If I stood on a street corner in Times Square for a week I couldn’t give away all that lotion. I didn’t want to take it all. It seems ludicrous even now, first to have that much lotion for any one person and secondly, for me, a user of CVS brand Lubriderm for chapped winter hands and shaven legs, of all people to take it. But, as the only girl, so it would be.
Some people inherit diamonds, furs, a summer home, a little IBM stock, perhaps an antique vaz or the bone china.
I inherited lotion.
When I took it I thought, I’ll just re-gift it to 500 of my closest friends or donate it to a women’s shelter or sell it on e-bay. But I didn’t. I just left it in the basement with the miss-matched Tupperware and empty shoe boxes and Christmas platters and the board games with missing pieces.

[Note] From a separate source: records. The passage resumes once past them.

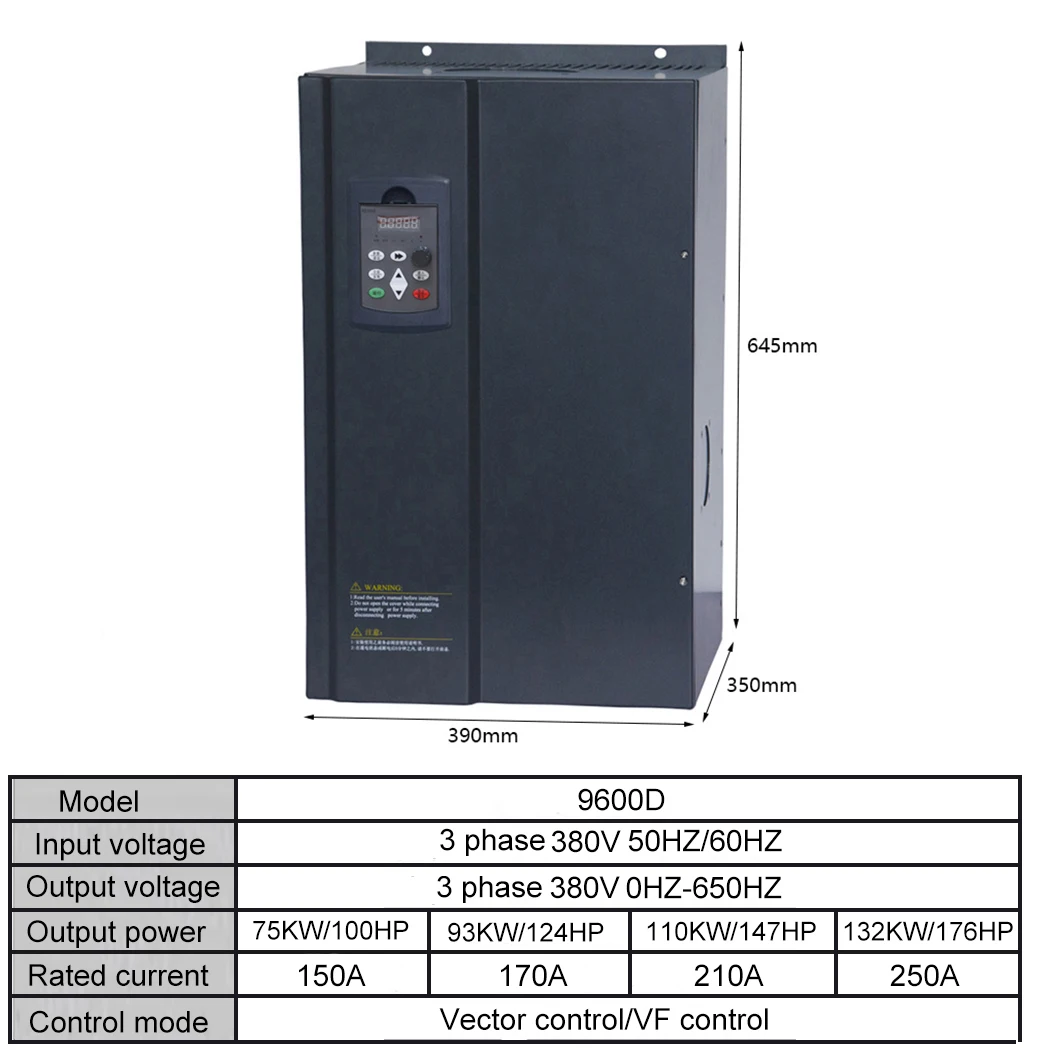 75kw VFD Variable Frequency Converter Inverter 3-Phase Input 380V AC Drive for Fan/Pump Speed Controller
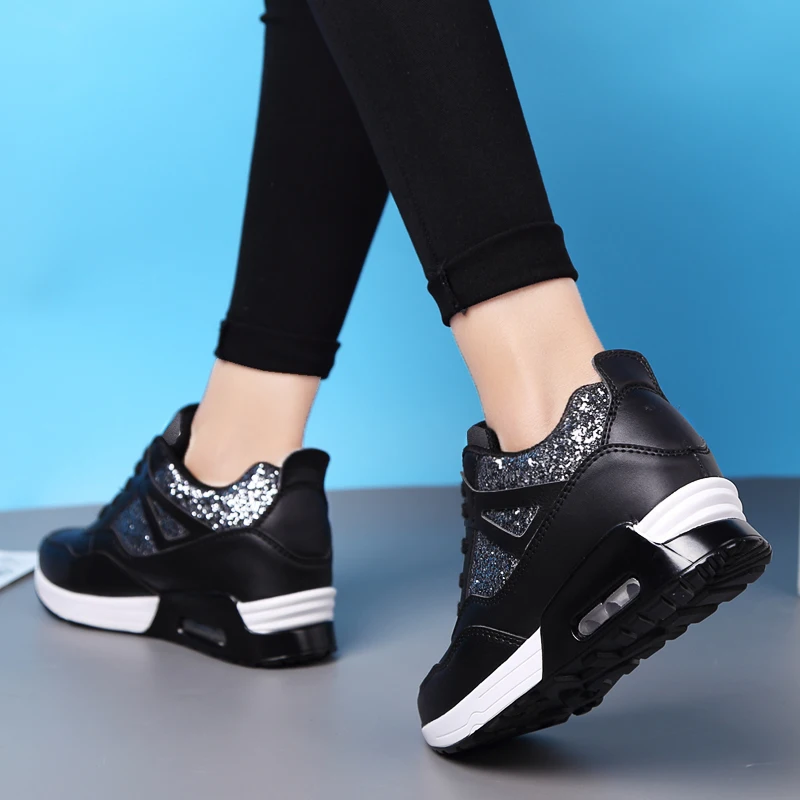 2023Bling Women Sneakers Spring Autumn Breathable Womens Shoe Wedges Light Soft Black Running Shoes Zapatillas Deportivas Hombre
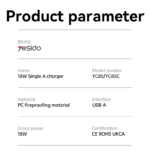 YC85C Overspeed Fast Charge Fireproof Material QC18W Single A UK Charger With A To C Cable - Image 8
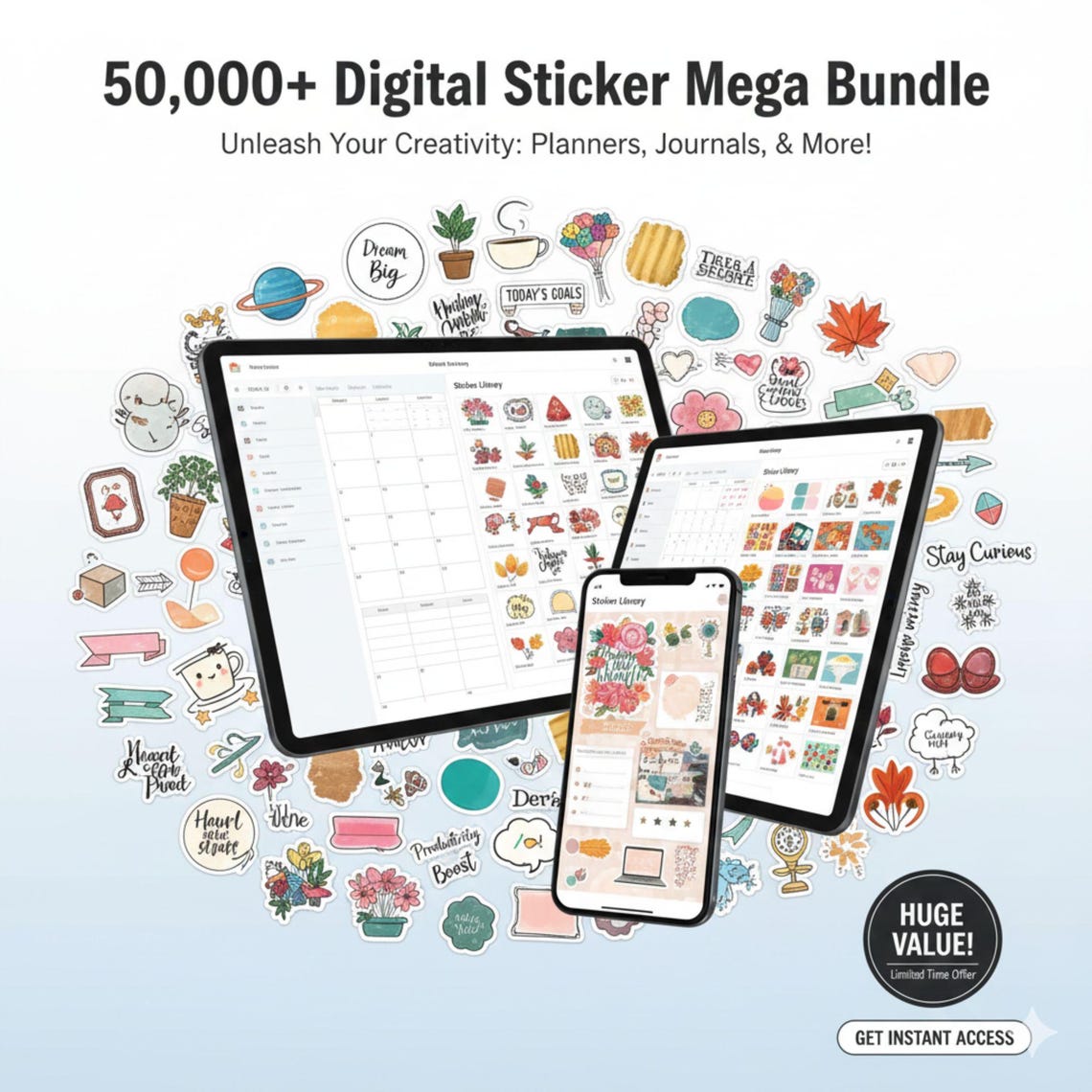 50,000+ Digital Sticker Mega Bundle, PNG Stickers for Planner, Journal ...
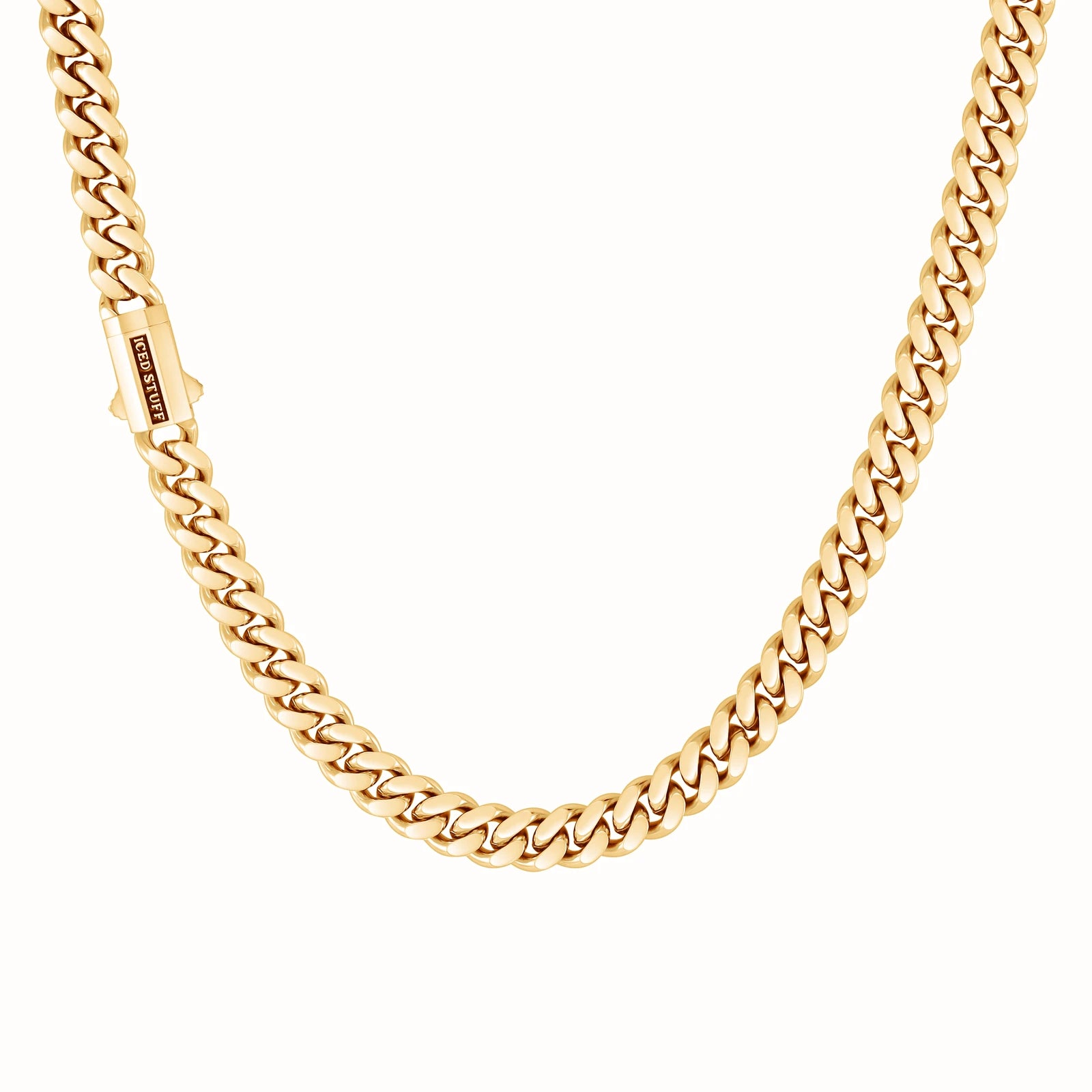Łańcuch Premium Curb Cuban Link 8mm Złoto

Then, a few weeks ago I came across a random box that hadn’t made it downstairs. I opened it. I pulled out colorful tubes and svelte looking jars and the promise of miracles in 5 easy steps. I found AM Solution and PM Solution, and I thought, hell, I could use an AM solution and a PM solution so I twisted a jar open and scooped out a white thick silky glob and I tried it.
And suddenly, like Jim Carrey in The Mask, I was changed. I felt a softness, but a strength as well. I felt protected, concealed, a little more sophisticated, wiser even.
I felt my mother.
And I hadn’t felt her in ages. I hadn’t dreamt about her or talked about her much or even really believed she was gone most times. But pulling out that box, using her lotion, looking for that AM Solution, brought me to a place of serenity and forgiveness I had yet to experience with regards to my mother. It didn’t last very long. A flash really. But now everyday I wear it. I don’t always think of her when I put it on, but many times I do.
I’ve come to realize my mother’s lotion was her secret weapon against the harsh realities of life. Like Green Lantern’s ring or Harry Potter’s invisibility cloak, it helped her overcome insurmountable obstacles everyday. Cooking my father another meal, eking life back into a ragged house plant, haggling a good price for a box of used books at a garage sale, checking on her blood sugar, watching her children leave, forgetting the cruelty in her own mother’s voice, trying to understand her son’s addiction or her daughter’s sexual orientation, going to church and praying for forgiveness, passing up a second helping of bread pudding, paying her QVC bill, smiling, laughing, judging, raising her eyes to the heavens in hope for one more day.
Now I wear the lotion. As though it can ward off Kryptonite or evil or bring my mother back. Once more. To hold me. To let me know, finally, I was loved.